- Indian exports -12.7%, imports in oil & gold rise
- Oil rising 5% in two days cps gains in Indian Rupee
- US Dollar (USD) trades cautiously lower ahead of FOMC
- No rate change expected, economic projections in focus
The US Dollar Indian Rupee (USD/INR) exchange rate is trading mildly lower on Wednesday, after a positive close in the previous session. The pair settled on Tuesday -0.3% at 73.60. At 10:30 UTC, USD/INR trades -0.08% at 73.54.
India’s trade balance is showing signs of normalising. After months of weak demand both imports and exports are picking up. The trade deficit in August was -$6.8 billion after printing at -$4.8 billion in July.
In August India’s exports declined -12.7% year on year. Imports rose month on month owing to a jump in commodity demand amid low inventory. Oil imports rose to above $6.4 billion whilt gold demand also soared to the strongest level in 15 months. Analysts at Barclays expect to see the trade deficit, which they consider to be low and manageable, to turn into a current account surplus in the FY21.
Meanwhile surging oil prices are acting as a drag. The price of oil has rallied over 5% over the past two days after the American Petroleum Institute (API) revealed a huge decline in inventories -9.5 million barrels vs 2.04 million increase expected. Production disruptions in the Gulf of Mexico due to Hurricane Sally is also boosting the price of oil.
US Dollar is edging lower versus its major peers as investors look cautiously ahead to the Federal Reserve monetary policy decision latter today. The Fed is expected to hold steady, with no changes to monetary policy.

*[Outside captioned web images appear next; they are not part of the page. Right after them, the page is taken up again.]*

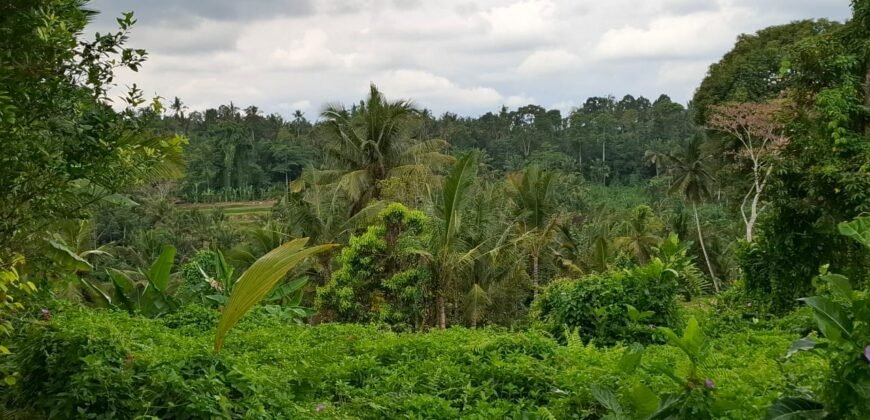 Tanah kebun view sawah dan gunung akses jalan hotmix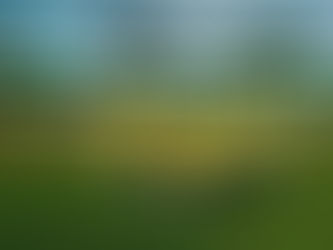 BSS LFA Joining Danone Cup 2018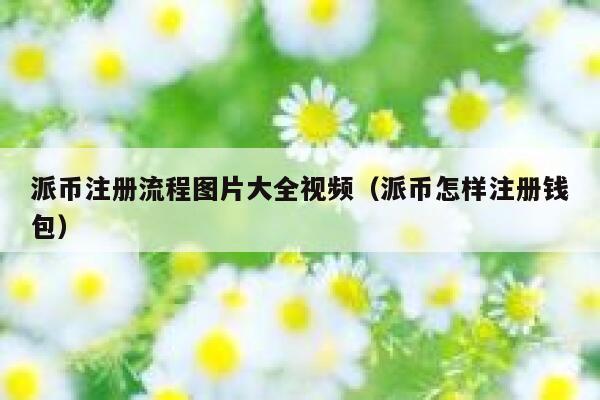 派币注册流程图片大全视频（派币怎样注册钱包） 第1张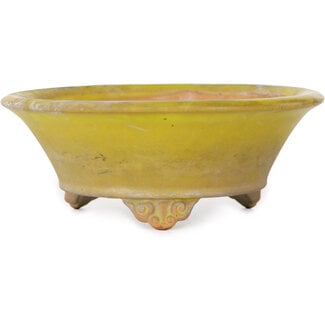 Bigei - Hirata Atsumi 130 mm  yellow bonsai pot by Bigei, Tokoname, Japan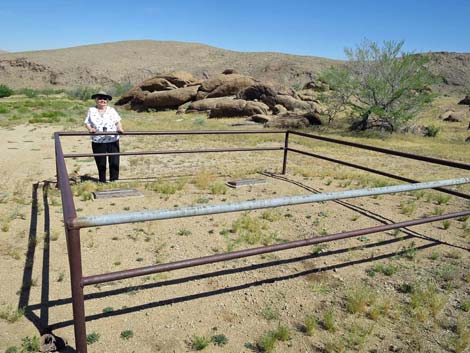 Gold Butte Townsite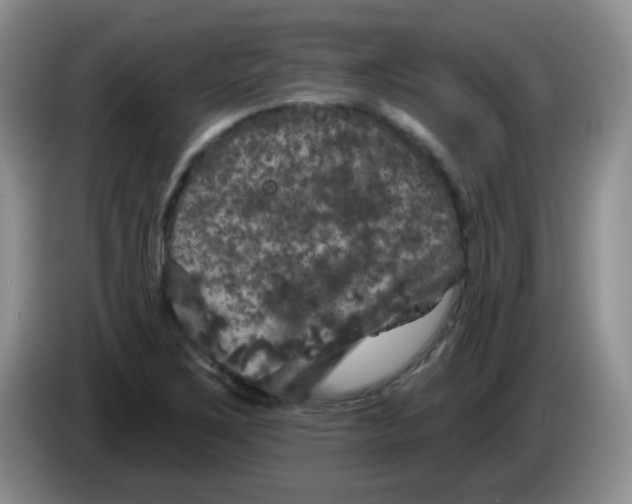 X0000084051267200703092045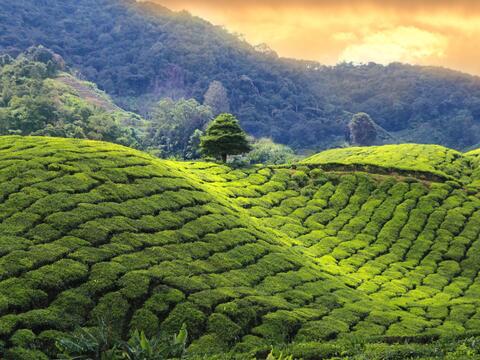 Rolling green tea plantations stretch across hills under a bright sky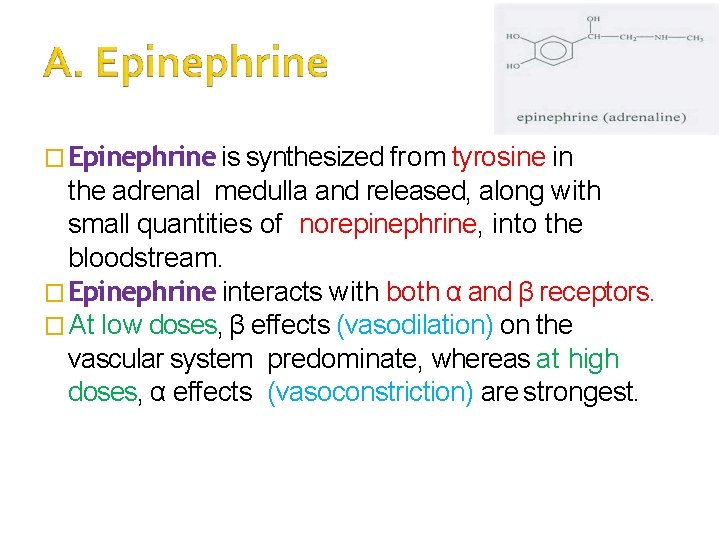 � Epinephrine is synthesized from tyrosine in the adrenal medulla and released, along with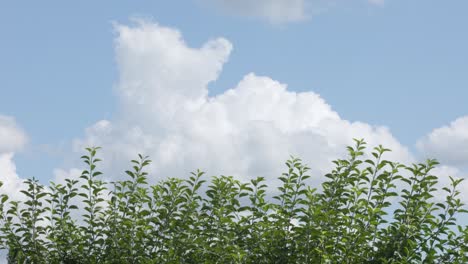 A-tree-moves-in-a-gentle-breeze,-with-blue-skies-and-clouds-in-the-background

The principal focus will be on the economic projections, particularly growth and inflation. The dot plot, which maps out the Fed’s interest rate expectations could fall reflecting the central banks’ recent change of approach. The shift is policy framework will see the Fed allowing inflation to overshoot 2% to make up for the long periods of inflation running below 2%. This could drag on demand for the US Dollar.